What do you know about your donors? Not generalities but specifics about your donors and why they support your cause?
One generality common across most groups is that “our donors are older”. The precondition here is that younger people are less likely to stick around (and/or give in first place) than older people.
If your organization does sustainer acquisition, especially canvassing, then you likely have age quotas to address this generality. This is Sledgehammer Fundraising in acquisition – big, sweeping rules that create inefficiency that has to rear its head somewhere, either in lower margins for the agency or higher costs to acquire for you.
But some young(er) people are still signed up. And what about the older people, that don’t all stick around. Do you know which younger people and older people are at risk before they quit?
If all you have is age as your “understanding” then you’re stuck with your sledgehammer and treating everyone the same. The sledgehammer approach then morphs into rearview mirror fundraising as we wait for the ‘good’ (stay) and ‘bad’ (leave) donors to reveal themselves in the monthly payment data.
It doesn’t need to be this way. This chart shows donors grouped by age with the height of the bar being the percentage at-risk of quitting – not quit already but are at risk of doing so. And the specific individuals in each bar are known. The only thing required to parse out at-risk from safe is additional insight – data – about your donors. Not random and not purchased but zero-party data (and some 1st party) that is voluntarily and willingly provided by your donors.
It’s free and has enormous value. Examples?
We know the quality of the sign-up experience matters. This is one factor under your control that can be measured and when you do, you can trade in your sledgehammer for at least a mallet.
What’s more, you can start to look out the windshield by contacting the 9% of 60-80 year olds who are at risk of quitting because you know their “why” – the experience wasn’t good. There are reams of evidence that apologizing for a bad experience makes those donors more likely to stick around than the ones who had a good experience (all other things equal). How much does an apology cost? A fortune if you don’t know who to direct it towards. A few bucks (in donor service time) if you do and the upside is realizing substantial lifetime value for that individual.
However, the new donor’s experience with the organization is not all that matters. Nor is it all the free data that is available to you if only your organization will assign as much value to knowing your donors as it does to their bank account.
We didn’t need to guess at whether the person signing up to this animal welfare charity was a dog person or a cat person. Nor did we need to rely on low quality, third party data that might use consumer purchase behavior (for example) to ordain our dog and cat lovers. You ask them.
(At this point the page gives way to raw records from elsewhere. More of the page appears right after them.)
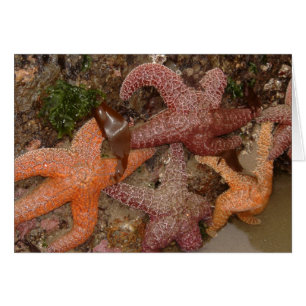 Cartão A estrela do mar/estrelas de mar no canhão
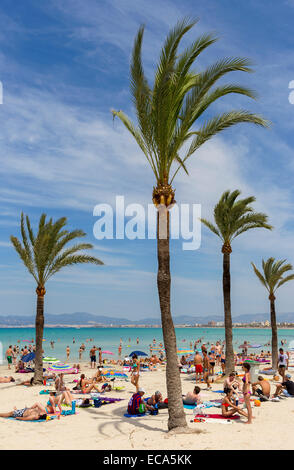 Playa de Palma e della baia di Palma di Maiorca, isole Baleari, Spagna Foto Stock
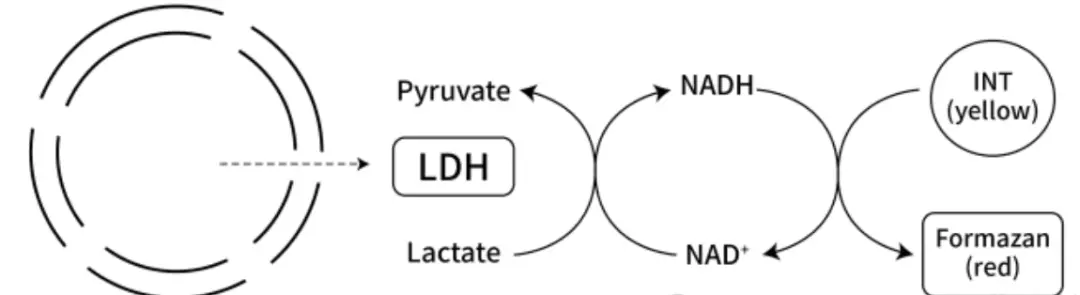 LDH乳酸脱氢酶检测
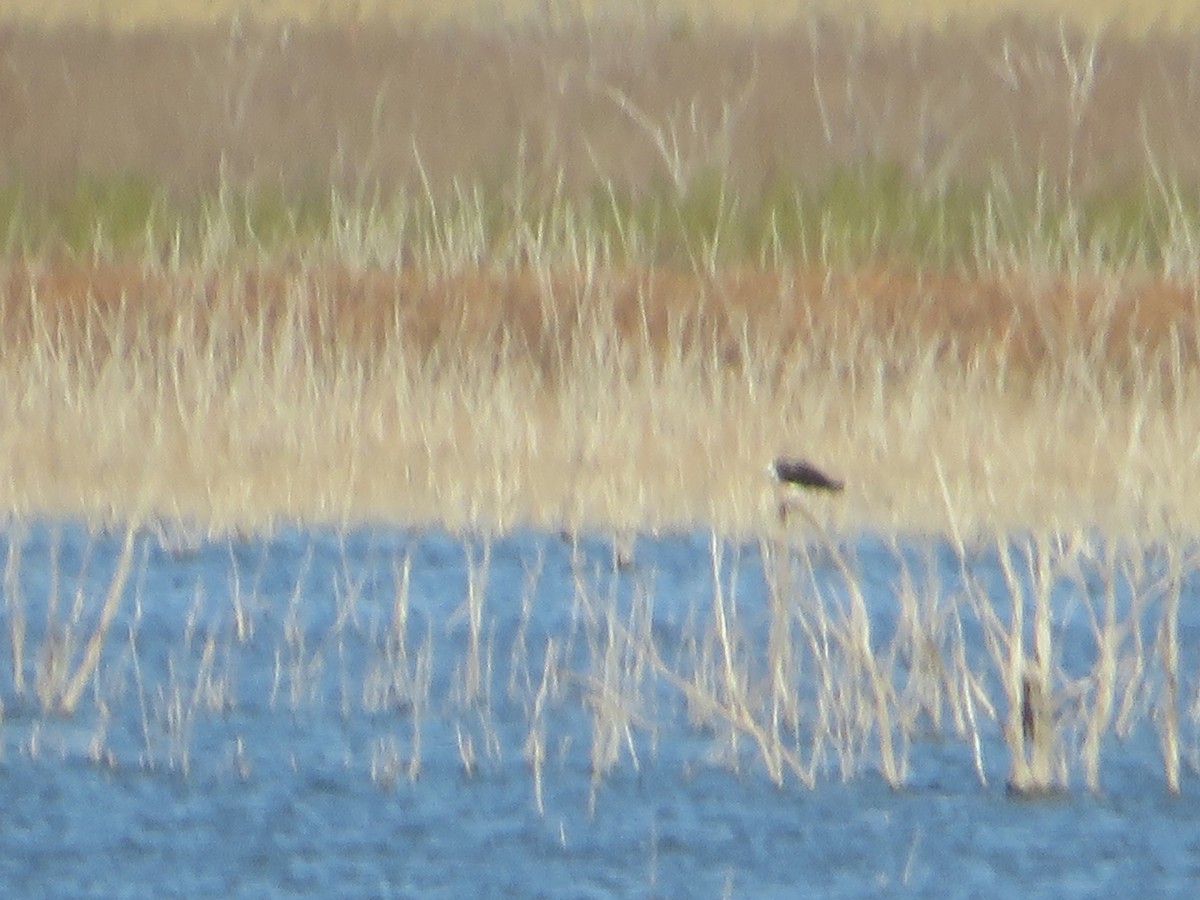 魚鷹 - ML405942521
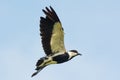 Spurr-Winged Plover in Flight Royalty Free Stock Photo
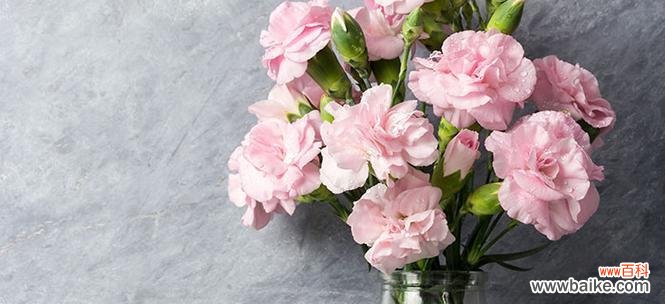 传递爱与尊敬的花朵——康乃馨 康乃馨的寓意与象征意义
And why not ask this fundamental, important and defining question as part of the acquisition process to then have your landing page (online donor) or conversation (TM or F2F) or welcome pack (mail) be more relevant and responsive to who they are and why they support you? In most of those channels you get the data for everybody; a true census not a sample.
Now I know – before it happens – that my dog people are more at risk than my cat people (16% at risk vs 11% respectively) and I’m acquiring a lot more dog people (height of red dot in the graph above). Doesn’t it make sense to send dog pictures to dog people and cat to cat? That is really easy to pull off. You’ve now replaced your sledgehammer first with a mallet, and now with a scalpel.
You know something of material importance about your donors that isn’t a generality that gets reduced down to sledgehammer (one size fits all) and rearview mirror practice. It isn’t enough to know why donors support you in general or basic demographic trends about your file. There is no competitive advantage in that data, nor any insight.
As we’ve written many times before, the future is already here, it just isn’t evenly distributed. These are real examples from real charities. The only difference between them and you is mindset, not money. Either you assign value to the free data donors are willing to provide you (e.g. Identity, Commitment, Experience) or you lug around that sledgehammer and watch out the rearview mirror as donors flee.